Pentingnya pengelolaan risiko hukum menjadi perhatian banyak pihak di Indonesia baik di sektor privat maupun sektor publik, ditandai dengan adanya undang-undang dan/atau peraturan-peraturan baru yang menjadi perhatian industri di antaranya Peraturan Presiden tentang penerapan Anti Suap dan Peraturan Mahkamah Agung tentang pidana korporasi. Selain itu, perlu diantisipasi lahirnya peraturan-peraturan baru terkait dengan berkembang pesatnya industri berbasis platform digital.
Salah satu respon terhadap kebutuhan di atas adalah lahirnya suatu keharusan bagi organisasi  yang menggunakan dana publik untuk mengelola risiko kepatuhan mereka secara lebih sistematis dan terstruktur. Salah satu bentuknya adalah keharusan bagi organisasi perusahaan memiliki direktur kepatuhan, yang sudah dimulai dari sektor industri perbankan, dan yang akan disusul oleh industri perasuransian.

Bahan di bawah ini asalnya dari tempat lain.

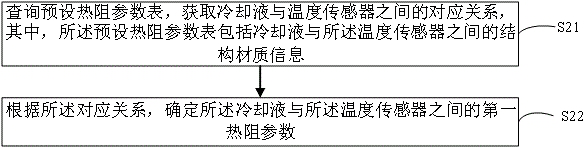 Junction Temperature Estimation Method and Motor Controller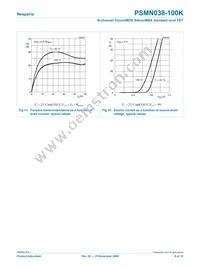 PSMN038-100K Datasheet Page 8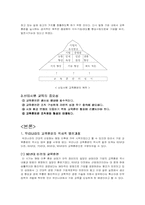 [인적자원관리] 우리나라 기업의 신입사원 교육제도-4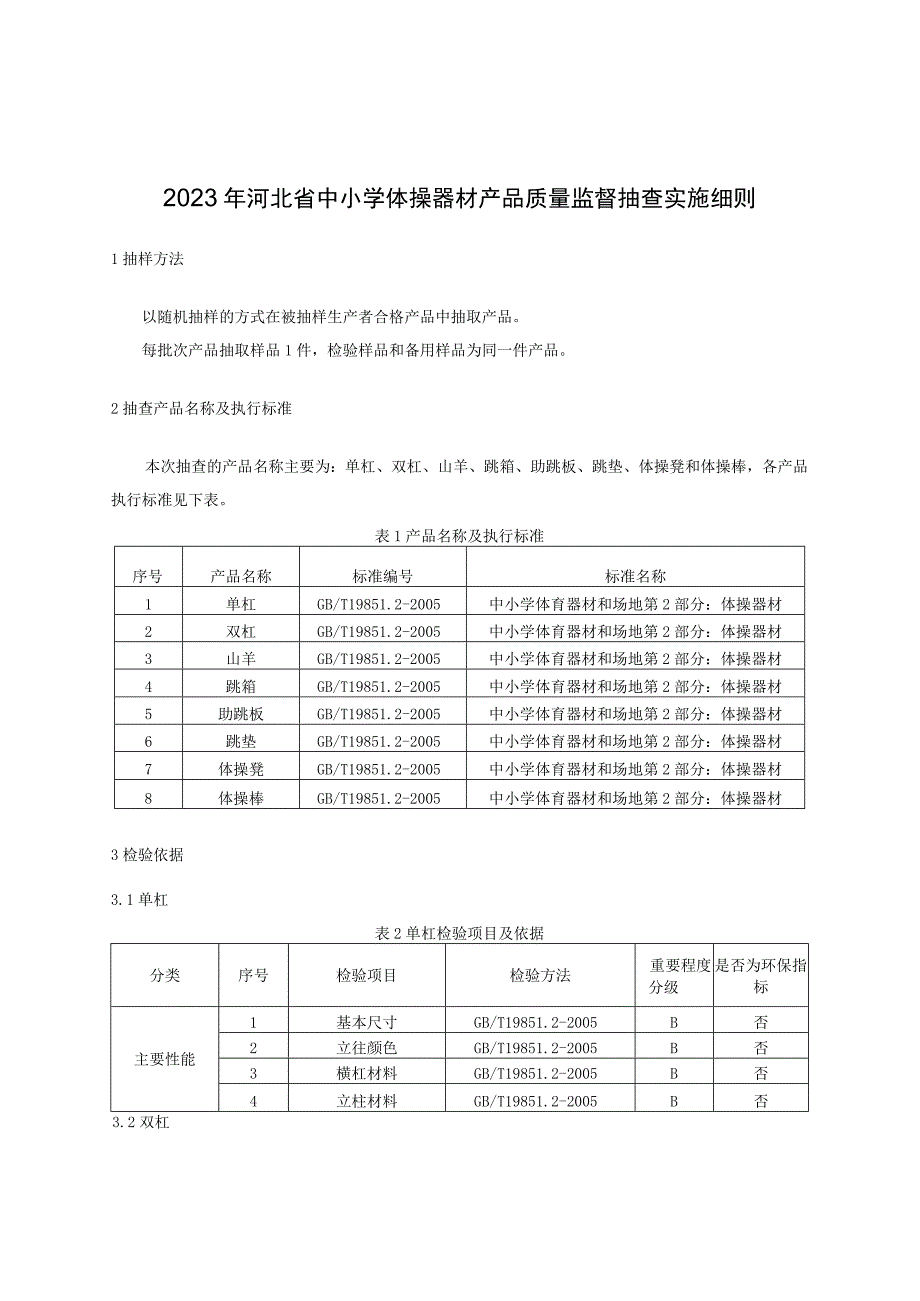 2023年河北省中小学体操器材产品质量监督抽查实施细则.docx_第1页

Diyakini oleh pelaku pasar bahwa fenomena keharusan adanya direktur kepatuhan di industri perasuransian akan serupa dengan di industri perbakan yang sudah memulai praktik ini semenjak krisis keuangan di Indonesia. Lebih jauh lagi, dengan berkembang pesatnya teknologi komunikasi dan digital yang membawa kesempatan – dan sekaligus tantangan baru bagi industri jasa keuangan misal ‘fintech’, ‘insuretech’, ‘peer-to-peer lending’ akan memompa organisasi siap dengan kapasitas dan kapabilitas mengelola risiko kepatuhan mereka secara lebih dinamis.
Bagi praktisi dan profesional manajemen kepatuhan, ada baiknya mempersiapkan diri untuk meningkatkan kompetensi sehingga mampu membuat manajemen kepatuhan organisasi mereka dalam koridor yang sinkron antara menjaga kepatuhan internal dengan eksternal, sehingga organisasi menjadi dinamis alias tidak kaku, cepat tanggap alias tidak gagap, dan tangguh alias tidak rapuh.

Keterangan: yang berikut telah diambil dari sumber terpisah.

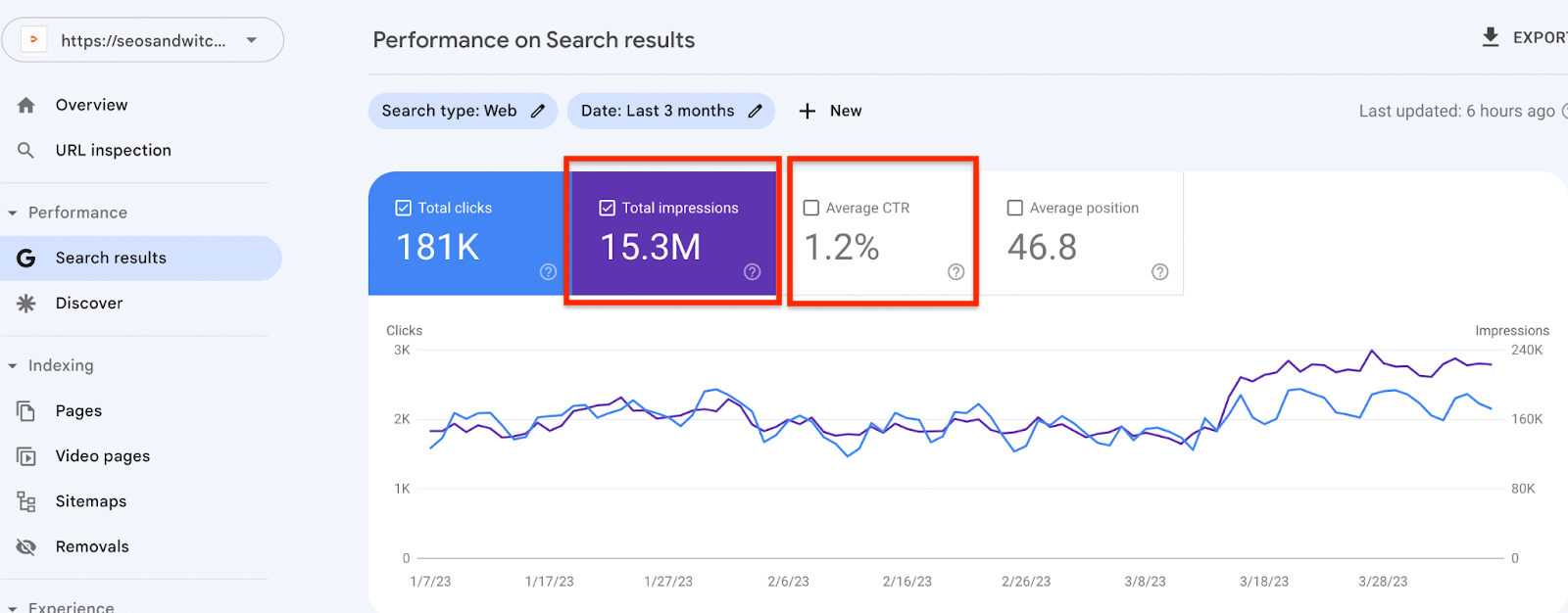 Impressioni di Google Search Console e CTR medio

Salah satu rujukan kompetensi yang perlu dipertimbangkan bagi profesi atau praktisi manajemen kepatuhan adalah kompetensi berbasis ISO 19600 (catatan ISO 19600 sudah diadopsi menjadi SNI ISO 19600: Sistem Manajemen Kepatuhan) sehingga bukan saja kompetensi individual profesi manajemen kepatuhan yang terbangun, tetapi juga kompetensi kolektif organisasi dalam membangun sistem manajemen kepatuhan secara menyeluruh.